**STORED DATA**
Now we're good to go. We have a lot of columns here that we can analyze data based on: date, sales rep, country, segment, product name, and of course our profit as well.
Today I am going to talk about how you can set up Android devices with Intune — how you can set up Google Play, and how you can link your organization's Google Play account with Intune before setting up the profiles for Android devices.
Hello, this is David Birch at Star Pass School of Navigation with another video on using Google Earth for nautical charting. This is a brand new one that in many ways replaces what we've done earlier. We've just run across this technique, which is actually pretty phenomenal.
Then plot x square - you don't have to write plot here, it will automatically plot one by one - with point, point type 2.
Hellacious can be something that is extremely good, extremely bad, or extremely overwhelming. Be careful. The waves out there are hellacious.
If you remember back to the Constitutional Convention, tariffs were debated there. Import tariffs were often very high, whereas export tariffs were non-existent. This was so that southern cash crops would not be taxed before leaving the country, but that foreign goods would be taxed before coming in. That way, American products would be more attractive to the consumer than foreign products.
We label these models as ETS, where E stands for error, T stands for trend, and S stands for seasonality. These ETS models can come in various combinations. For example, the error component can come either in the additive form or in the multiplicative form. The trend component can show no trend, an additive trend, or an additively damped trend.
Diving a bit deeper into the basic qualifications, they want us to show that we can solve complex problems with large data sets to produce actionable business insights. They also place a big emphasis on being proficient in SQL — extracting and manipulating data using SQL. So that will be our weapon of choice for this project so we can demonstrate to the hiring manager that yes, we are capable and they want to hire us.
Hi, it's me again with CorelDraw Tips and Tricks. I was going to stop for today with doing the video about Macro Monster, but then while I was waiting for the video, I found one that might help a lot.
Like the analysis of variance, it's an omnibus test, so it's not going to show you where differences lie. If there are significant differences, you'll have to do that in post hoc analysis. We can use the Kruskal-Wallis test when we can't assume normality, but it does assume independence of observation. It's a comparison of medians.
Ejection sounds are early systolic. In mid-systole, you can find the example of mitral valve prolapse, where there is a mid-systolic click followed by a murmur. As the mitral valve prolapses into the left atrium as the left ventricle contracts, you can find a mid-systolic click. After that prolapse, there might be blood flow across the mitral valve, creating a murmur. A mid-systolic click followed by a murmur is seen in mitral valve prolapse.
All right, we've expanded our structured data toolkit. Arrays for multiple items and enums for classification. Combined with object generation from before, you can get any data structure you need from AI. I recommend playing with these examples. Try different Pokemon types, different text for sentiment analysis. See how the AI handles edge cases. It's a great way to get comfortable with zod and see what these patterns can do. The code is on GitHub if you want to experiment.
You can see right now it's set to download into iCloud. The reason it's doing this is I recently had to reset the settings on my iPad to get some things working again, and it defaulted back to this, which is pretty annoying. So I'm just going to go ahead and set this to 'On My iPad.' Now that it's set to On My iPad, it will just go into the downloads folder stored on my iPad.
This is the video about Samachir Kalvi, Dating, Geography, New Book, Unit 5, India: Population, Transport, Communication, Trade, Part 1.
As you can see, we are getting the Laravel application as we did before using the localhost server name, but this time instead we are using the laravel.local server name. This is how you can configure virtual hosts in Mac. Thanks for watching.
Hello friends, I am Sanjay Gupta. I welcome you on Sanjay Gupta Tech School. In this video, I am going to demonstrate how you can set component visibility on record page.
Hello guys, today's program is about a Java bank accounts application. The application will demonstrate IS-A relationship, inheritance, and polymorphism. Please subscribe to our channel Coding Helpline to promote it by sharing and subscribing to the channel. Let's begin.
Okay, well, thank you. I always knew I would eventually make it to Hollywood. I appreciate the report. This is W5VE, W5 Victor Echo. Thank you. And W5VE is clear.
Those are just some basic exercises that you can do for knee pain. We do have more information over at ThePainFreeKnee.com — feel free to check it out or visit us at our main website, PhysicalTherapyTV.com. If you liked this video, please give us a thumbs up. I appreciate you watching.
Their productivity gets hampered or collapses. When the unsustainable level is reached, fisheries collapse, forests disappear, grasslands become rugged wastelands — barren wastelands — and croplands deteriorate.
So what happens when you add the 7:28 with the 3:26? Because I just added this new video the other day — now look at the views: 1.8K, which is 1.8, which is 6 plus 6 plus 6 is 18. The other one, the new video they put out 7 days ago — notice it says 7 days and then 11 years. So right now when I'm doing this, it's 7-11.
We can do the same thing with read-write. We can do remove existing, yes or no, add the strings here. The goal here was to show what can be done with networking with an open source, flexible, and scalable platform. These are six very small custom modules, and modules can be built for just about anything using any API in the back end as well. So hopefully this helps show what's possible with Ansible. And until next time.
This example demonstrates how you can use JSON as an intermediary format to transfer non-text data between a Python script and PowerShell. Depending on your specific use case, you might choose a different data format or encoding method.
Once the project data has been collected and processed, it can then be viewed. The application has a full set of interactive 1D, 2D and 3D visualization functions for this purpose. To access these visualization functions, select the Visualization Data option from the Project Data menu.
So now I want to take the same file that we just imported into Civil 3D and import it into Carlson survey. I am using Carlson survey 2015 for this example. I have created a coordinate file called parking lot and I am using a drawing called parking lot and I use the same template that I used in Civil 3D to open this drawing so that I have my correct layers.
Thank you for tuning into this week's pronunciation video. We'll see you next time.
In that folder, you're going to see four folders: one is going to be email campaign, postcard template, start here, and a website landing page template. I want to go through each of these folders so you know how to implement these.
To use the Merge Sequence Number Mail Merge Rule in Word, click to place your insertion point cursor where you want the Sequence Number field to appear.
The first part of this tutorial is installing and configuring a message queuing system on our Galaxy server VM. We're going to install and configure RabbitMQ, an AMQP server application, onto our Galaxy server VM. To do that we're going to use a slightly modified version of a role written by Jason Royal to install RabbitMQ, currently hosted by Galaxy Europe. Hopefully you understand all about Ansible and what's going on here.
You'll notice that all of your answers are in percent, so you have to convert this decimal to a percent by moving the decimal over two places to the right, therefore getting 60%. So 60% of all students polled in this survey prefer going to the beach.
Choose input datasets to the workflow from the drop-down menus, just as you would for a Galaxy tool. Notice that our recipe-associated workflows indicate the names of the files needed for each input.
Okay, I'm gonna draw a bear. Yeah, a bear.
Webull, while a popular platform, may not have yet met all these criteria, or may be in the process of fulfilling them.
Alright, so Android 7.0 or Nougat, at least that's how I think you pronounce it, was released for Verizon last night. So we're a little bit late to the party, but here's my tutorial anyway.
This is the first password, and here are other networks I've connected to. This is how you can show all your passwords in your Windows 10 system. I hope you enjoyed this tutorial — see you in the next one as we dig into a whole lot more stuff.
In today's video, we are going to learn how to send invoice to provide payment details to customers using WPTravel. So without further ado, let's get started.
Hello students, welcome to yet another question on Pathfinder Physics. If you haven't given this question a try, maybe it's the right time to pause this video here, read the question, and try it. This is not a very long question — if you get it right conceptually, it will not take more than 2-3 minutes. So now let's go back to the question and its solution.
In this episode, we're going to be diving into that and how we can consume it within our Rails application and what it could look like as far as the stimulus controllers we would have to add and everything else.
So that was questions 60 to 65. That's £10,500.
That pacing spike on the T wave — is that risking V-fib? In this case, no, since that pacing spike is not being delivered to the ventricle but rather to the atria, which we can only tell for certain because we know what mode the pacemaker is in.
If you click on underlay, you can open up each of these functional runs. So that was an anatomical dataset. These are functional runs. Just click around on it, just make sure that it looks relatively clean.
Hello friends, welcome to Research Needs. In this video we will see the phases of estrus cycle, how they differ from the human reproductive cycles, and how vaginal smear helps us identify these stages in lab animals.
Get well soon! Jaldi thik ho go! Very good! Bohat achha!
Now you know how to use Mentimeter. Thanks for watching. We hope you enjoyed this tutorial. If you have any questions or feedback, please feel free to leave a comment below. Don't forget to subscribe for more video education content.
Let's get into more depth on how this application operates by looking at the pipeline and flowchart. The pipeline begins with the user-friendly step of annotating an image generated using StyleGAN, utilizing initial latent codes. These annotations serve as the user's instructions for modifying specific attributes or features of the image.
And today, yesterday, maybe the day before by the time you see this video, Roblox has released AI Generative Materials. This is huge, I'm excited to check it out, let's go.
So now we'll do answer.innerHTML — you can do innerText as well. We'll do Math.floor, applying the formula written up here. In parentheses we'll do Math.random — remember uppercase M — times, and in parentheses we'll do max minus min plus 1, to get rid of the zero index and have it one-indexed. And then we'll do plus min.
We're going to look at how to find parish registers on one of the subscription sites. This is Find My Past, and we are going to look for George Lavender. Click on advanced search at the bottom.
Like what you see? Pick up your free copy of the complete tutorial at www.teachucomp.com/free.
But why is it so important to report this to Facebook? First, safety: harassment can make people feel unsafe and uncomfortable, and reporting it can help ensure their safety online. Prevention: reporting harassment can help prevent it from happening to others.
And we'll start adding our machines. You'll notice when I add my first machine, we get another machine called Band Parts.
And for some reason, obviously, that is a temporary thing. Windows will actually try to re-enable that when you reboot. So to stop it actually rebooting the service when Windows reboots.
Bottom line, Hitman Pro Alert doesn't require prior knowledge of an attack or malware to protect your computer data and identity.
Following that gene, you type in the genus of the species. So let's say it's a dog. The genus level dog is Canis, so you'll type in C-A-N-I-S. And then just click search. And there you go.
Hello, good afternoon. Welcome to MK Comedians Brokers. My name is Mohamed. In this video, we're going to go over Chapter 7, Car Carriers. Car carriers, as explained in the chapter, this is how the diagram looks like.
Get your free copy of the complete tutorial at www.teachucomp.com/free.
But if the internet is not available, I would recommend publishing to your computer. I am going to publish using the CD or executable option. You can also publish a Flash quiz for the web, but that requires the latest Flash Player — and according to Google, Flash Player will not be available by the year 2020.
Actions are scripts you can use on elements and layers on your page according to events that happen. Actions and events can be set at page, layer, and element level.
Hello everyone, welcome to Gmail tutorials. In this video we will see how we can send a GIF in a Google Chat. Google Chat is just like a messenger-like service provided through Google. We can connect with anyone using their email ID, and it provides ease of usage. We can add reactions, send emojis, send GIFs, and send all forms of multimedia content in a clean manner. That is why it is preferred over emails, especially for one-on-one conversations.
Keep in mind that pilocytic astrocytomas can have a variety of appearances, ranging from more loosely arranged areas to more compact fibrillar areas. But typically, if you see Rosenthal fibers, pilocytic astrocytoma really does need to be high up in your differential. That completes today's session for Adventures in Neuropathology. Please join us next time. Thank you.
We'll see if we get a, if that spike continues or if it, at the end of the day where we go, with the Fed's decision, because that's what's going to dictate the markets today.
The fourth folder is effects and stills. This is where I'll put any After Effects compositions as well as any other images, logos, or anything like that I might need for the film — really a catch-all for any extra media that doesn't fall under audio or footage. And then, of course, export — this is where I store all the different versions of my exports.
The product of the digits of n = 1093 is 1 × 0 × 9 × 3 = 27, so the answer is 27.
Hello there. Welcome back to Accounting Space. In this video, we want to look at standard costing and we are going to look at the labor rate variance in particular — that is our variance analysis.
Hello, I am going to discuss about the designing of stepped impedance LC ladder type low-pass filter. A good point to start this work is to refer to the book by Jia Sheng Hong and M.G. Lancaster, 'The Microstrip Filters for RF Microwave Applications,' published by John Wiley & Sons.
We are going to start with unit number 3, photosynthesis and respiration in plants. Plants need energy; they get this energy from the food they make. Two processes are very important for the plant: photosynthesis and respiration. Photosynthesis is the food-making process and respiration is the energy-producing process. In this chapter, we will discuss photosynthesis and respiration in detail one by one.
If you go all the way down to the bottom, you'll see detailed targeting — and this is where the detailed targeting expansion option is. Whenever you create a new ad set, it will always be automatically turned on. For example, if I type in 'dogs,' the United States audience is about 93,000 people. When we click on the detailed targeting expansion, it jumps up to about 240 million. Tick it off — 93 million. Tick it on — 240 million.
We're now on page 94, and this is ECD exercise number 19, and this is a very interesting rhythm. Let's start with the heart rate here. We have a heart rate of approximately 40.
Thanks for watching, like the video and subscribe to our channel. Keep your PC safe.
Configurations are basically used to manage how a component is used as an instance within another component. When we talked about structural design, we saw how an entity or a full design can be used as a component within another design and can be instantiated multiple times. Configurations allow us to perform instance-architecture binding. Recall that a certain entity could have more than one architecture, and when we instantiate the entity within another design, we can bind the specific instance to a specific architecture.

**AIM OF THE TASK**
All that is wanted is the run of lines from the start of the data through the line containing "Then plot x", copied word for word.

**EXPECTED OUTPUT**
Now we're good to go. We have a lot of columns here that we can analyze data based on: date, sales rep, country, segment, product name, and of course our profit as well.
Today I am going to talk about how you can set up Android devices with Intune — how you can set up Google Play, and how you can link your organization's Google Play account with Intune before setting up the profiles for Android devices.
Hello, this is David Birch at Star Pass School of Navigation with another video on using Google Earth for nautical charting. This is a brand new one that in many ways replaces what we've done earlier. We've just run across this technique, which is actually pretty phenomenal.
Then plot x square - you don't have to write plot here, it will automatically plot one by one - with point, point type 2.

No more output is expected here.